Interviewing for podcasts is as easy as putting a microphone in a room and asking a few questions—as long as you’re satisfied with your listeners turning you off after a minute or two. If you want your listeners to hang around for your conversation with a rising star, read on. In this article, Jack Herrington shares a podload of tips on conducting and recording a killer interview. Although you can do amazing salvage work with today’s digital editing tools, it’s faster, easier, and usually better-sounding if you begin with a great recording.

Scoring the Killer Interview

To get listeners to stick around, you have to give them compelling content: all killer and no filler. That means interviewing people who are famous in their field, hot right now, or who have something intriguing and unique to say.

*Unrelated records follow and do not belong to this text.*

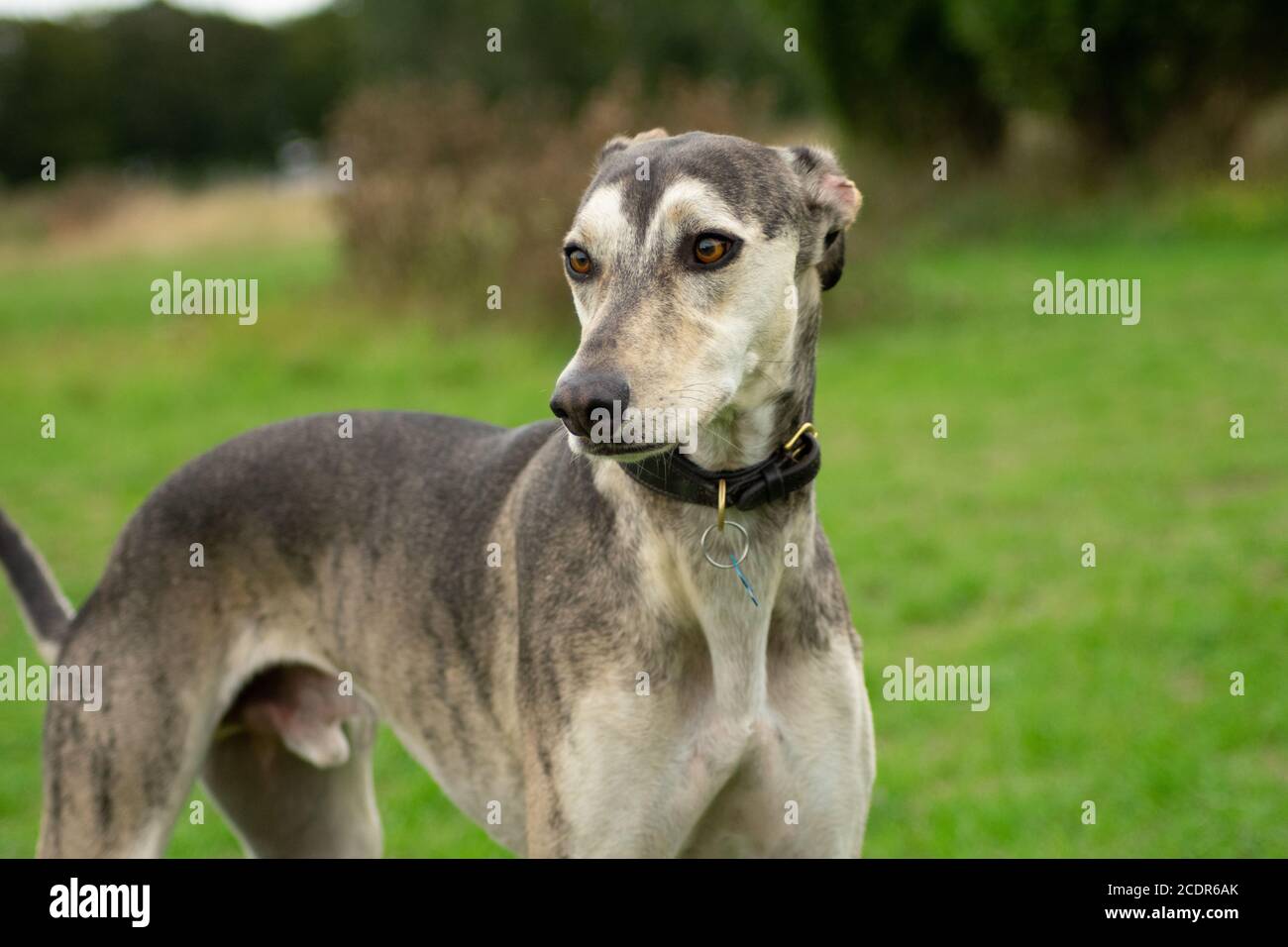 Ritratto Greyhound Foto Stock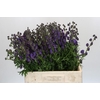 Aconitum Napellus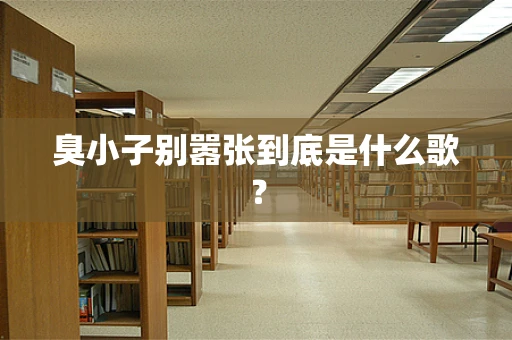 臭小子别嚣张到底是什么歌？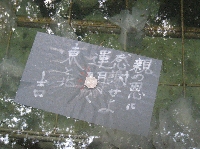 yaegaki7509.JPG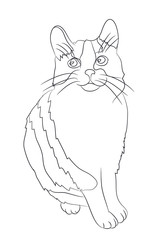 cat lines, vector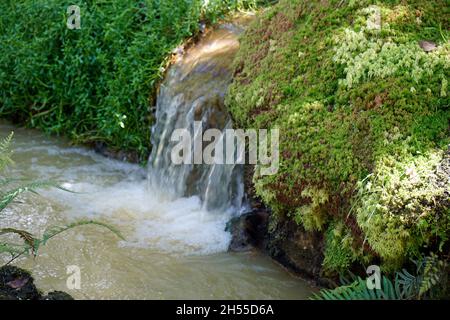 Kleiner Wasserfall mit Kaskaden in Fournas auf den azoren Stockfoto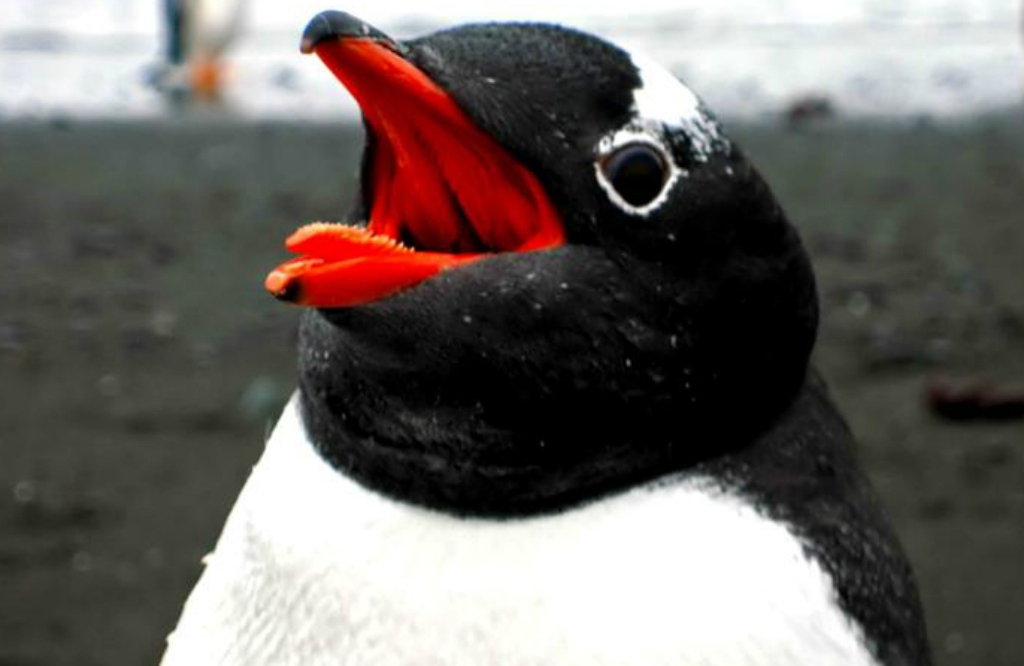 Kas notiks, ja pakutinās pingvīnu? (VIDEO)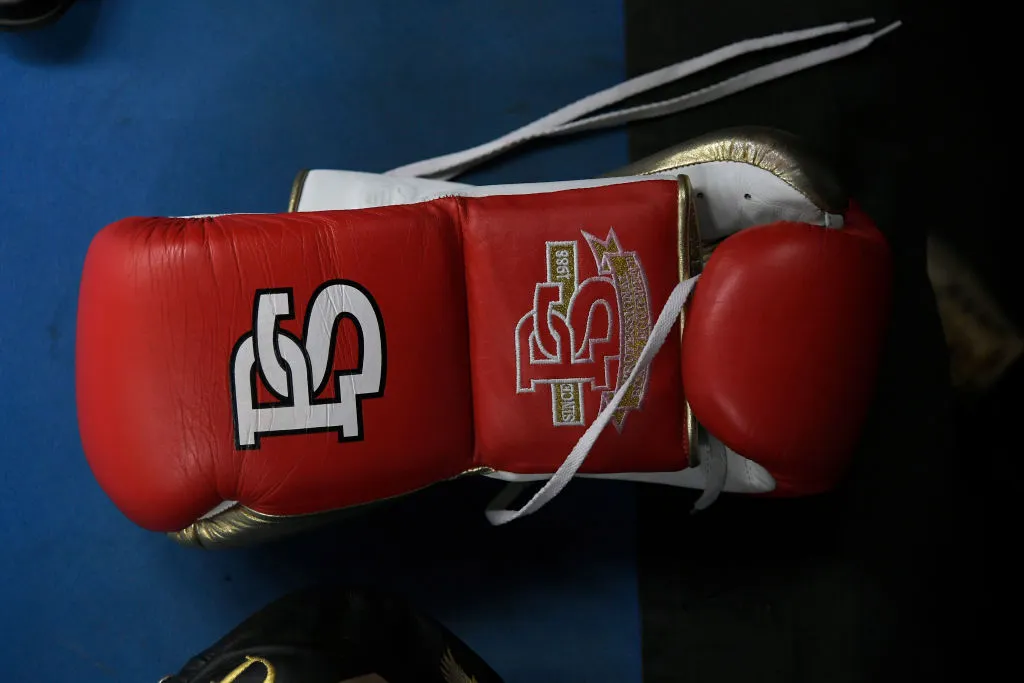 Boxing returns to Vegas, Stevenson knocks out Carballo- India TV Hindi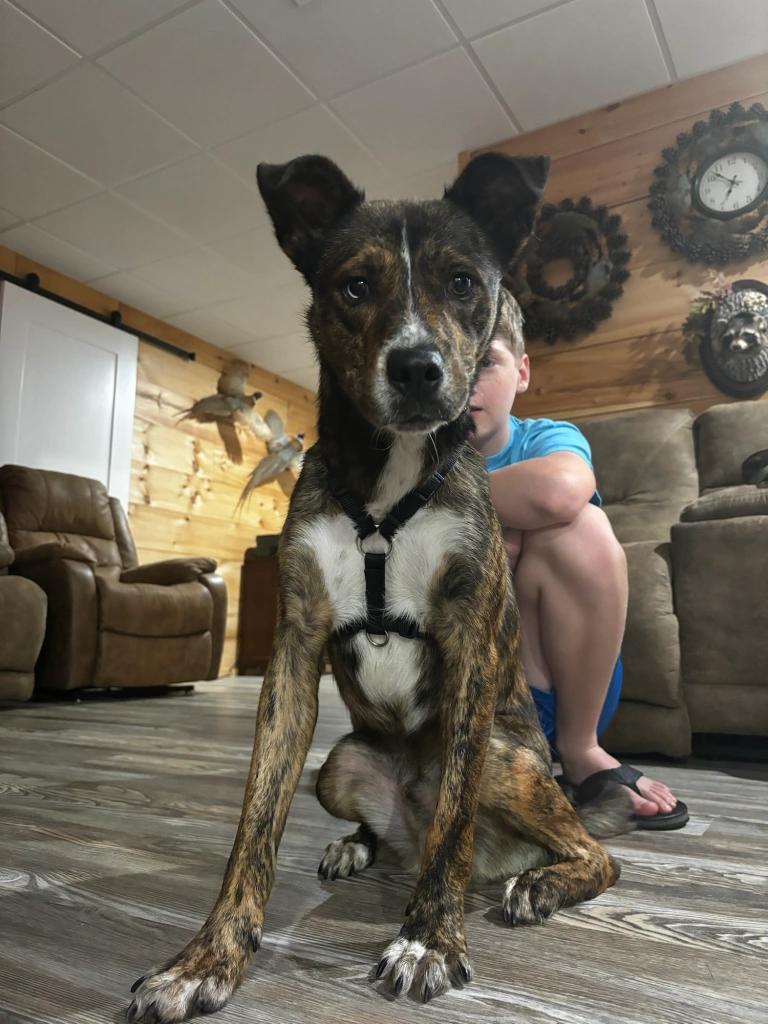 Enlarge Bear, a Adopted Dutch Shepherd in Knoxville, TN image 3/4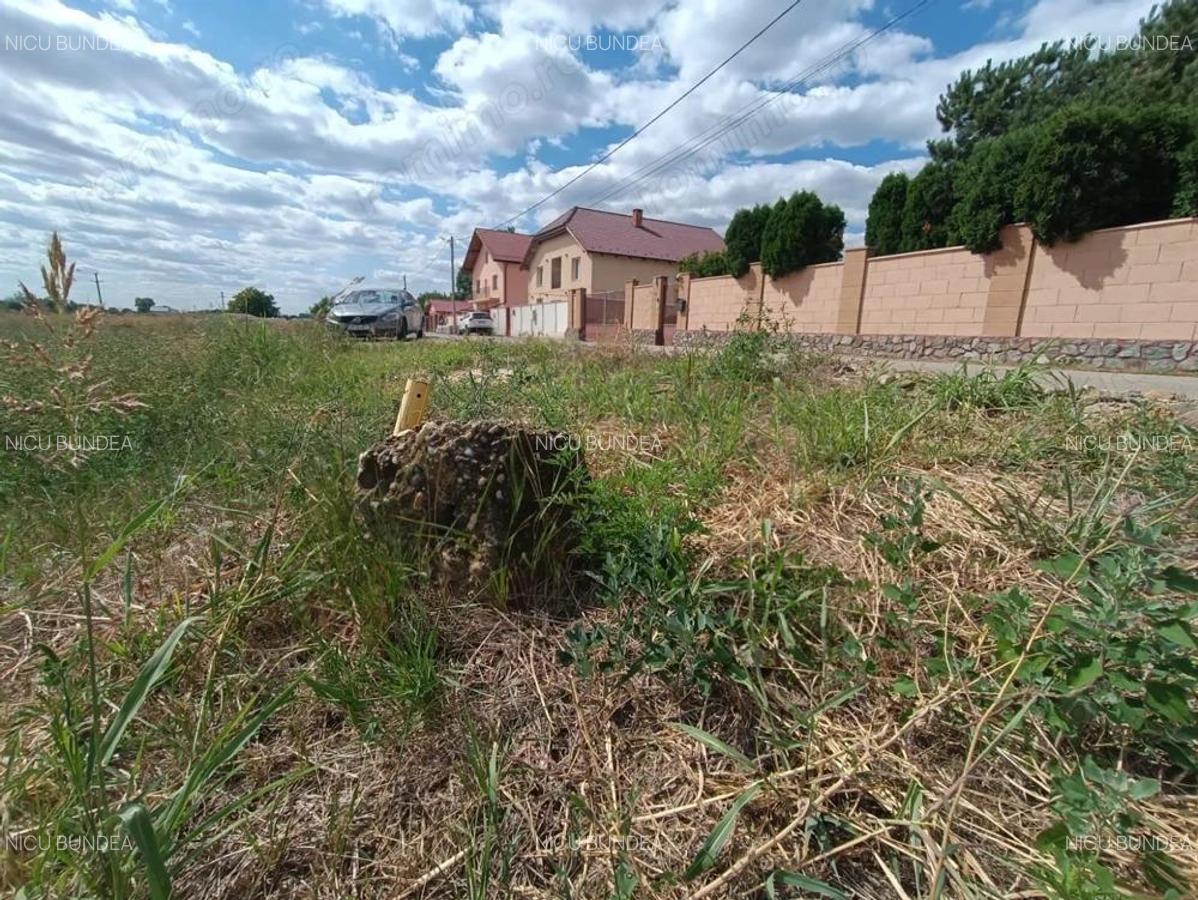 Descopera o oportunitate rara: Teren intravilan- 2.000 mp in Zadareni - 10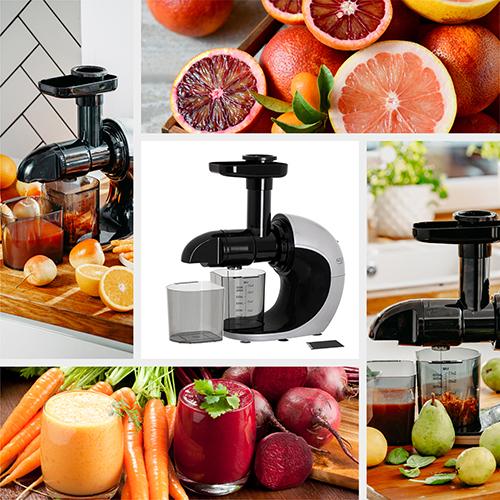 Actual product image Adler AD 4130 Slow Juicer, Stainless Steel/Black (EU plug)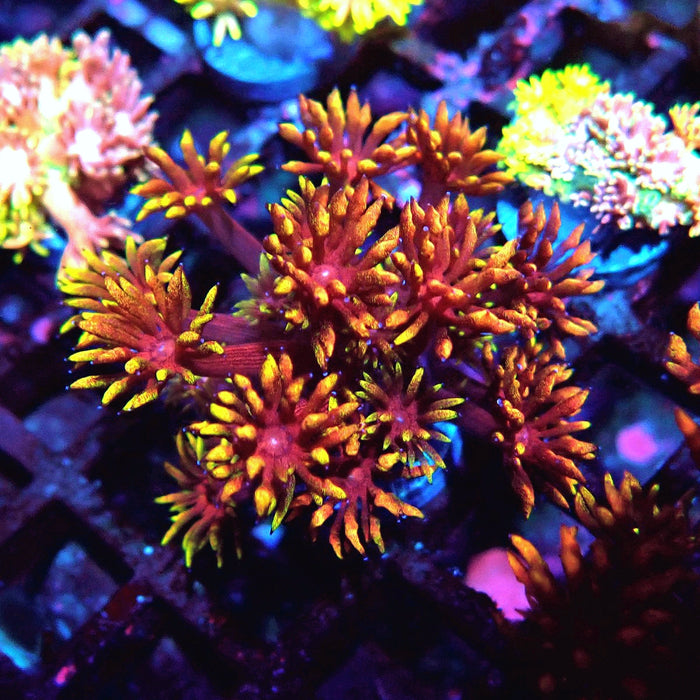 Rainbow Goniopora Frag (7)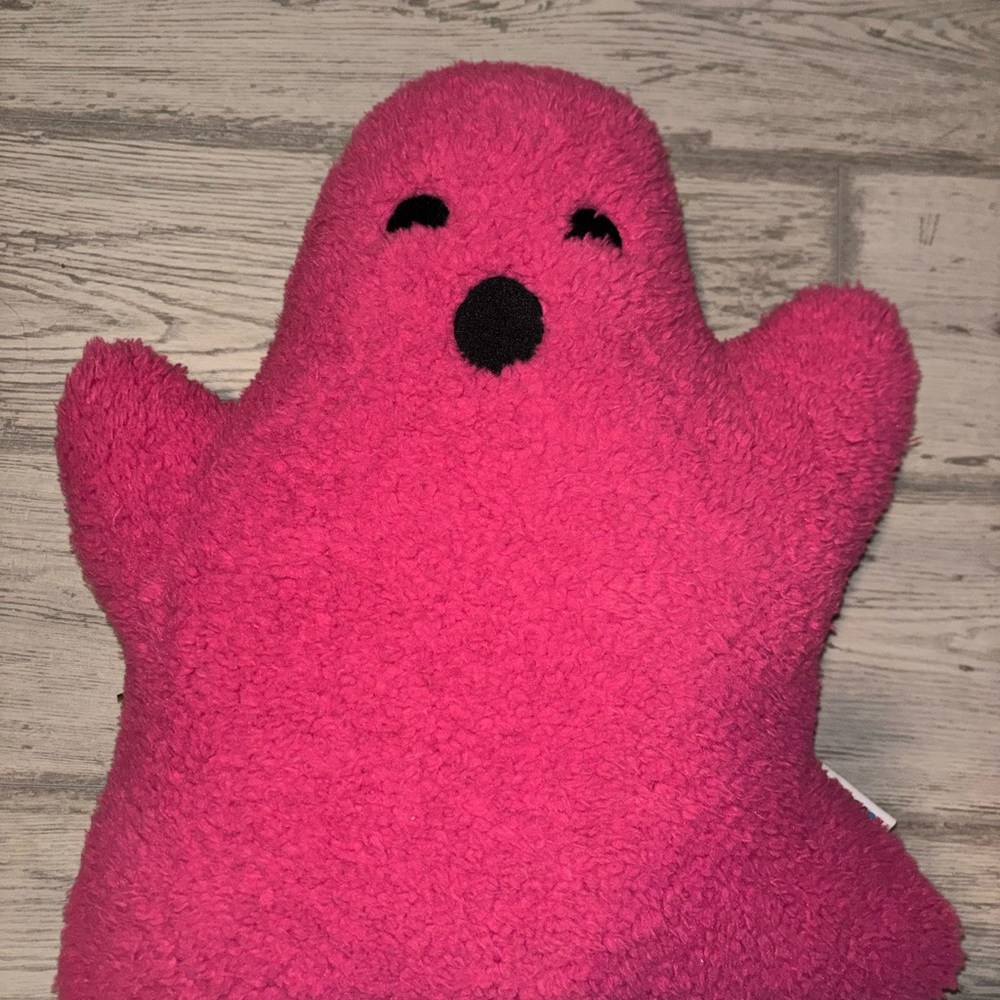 Pink Plush Toy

I recommend starting with the topic. What are people talking about? What are you talking about? Find a person at the center of the swirl and come up with three or four questions that you are dying to ask.

After that, it’s a matter of persistence to get that interview. Let the potential guest know that they will get lots of exposure and that the interview will be easy and worth their time. It’s helpful to know who is on a publicity tour. Right around the release time of any commercial item (e.g., a book, CD, or software) key individuals will go on a publicity tour to get the buzz going out on the street. That’s the time when you can easily score an interview if you appear to have even a shred of credibility (see sidebar).

Interviewing Face to Face

With the interview set up, you will need to choose how to conduct it—in person, over the phone, or over VoIP. I detail these different options in the sections that follow.

Face-to-face interviews are best, so try to set up something local. Then pick a spot that will have good acoustics. I can guarantee you that it’s not the local coffee shop. The clink of the glasses seems like it would add ambience but it will distract from the interview. You need someplace relatively noise-free.

Many libraries have small conference rooms you can reserve for an hour at a time. If the interviewee is staying at a hotel, then ask to meet them in their room. The cushions from the couch, the padding in the bed, and the curtains will all dampen the room noise. You should also turn off any fans or air conditioning since those create a nasty periodic noise that is tough to remove.

Once you have the location set and the noise dampened you need a recording rig that you can rely on. Think simplicity and quality. You want a setup that has the least possible hardware and software. If you are running on a computer, make sure that your sound recording software is the only thing running. Every additional box and cable is one more thing to fail or add noise.